Exercise brief: Of the lines below, report only those that contain "used".

Content starts

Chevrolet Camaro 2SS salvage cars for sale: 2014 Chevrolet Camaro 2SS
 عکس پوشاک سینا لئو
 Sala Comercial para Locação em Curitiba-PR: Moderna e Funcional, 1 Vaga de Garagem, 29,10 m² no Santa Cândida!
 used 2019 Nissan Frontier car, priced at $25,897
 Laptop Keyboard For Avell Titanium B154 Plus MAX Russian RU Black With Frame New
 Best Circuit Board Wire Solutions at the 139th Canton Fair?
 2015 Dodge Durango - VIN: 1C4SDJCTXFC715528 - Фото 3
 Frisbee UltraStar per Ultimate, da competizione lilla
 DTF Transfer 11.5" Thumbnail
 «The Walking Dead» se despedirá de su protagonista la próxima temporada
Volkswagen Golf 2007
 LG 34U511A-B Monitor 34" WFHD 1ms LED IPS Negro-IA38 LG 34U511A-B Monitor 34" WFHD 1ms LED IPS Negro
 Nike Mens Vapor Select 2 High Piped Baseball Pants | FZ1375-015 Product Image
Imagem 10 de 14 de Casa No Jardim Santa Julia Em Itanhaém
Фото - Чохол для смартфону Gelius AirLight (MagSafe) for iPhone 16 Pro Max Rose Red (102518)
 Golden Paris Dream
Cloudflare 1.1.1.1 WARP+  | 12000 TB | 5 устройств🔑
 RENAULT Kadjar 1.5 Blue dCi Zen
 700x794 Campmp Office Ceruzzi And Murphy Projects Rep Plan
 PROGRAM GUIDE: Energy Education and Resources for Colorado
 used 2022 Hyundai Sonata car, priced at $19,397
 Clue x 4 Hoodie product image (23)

Content ends

Written reply:
 used 2019 Nissan Frontier car, priced at $25,897
 used 2022 Hyundai Sonata car, priced at $19,397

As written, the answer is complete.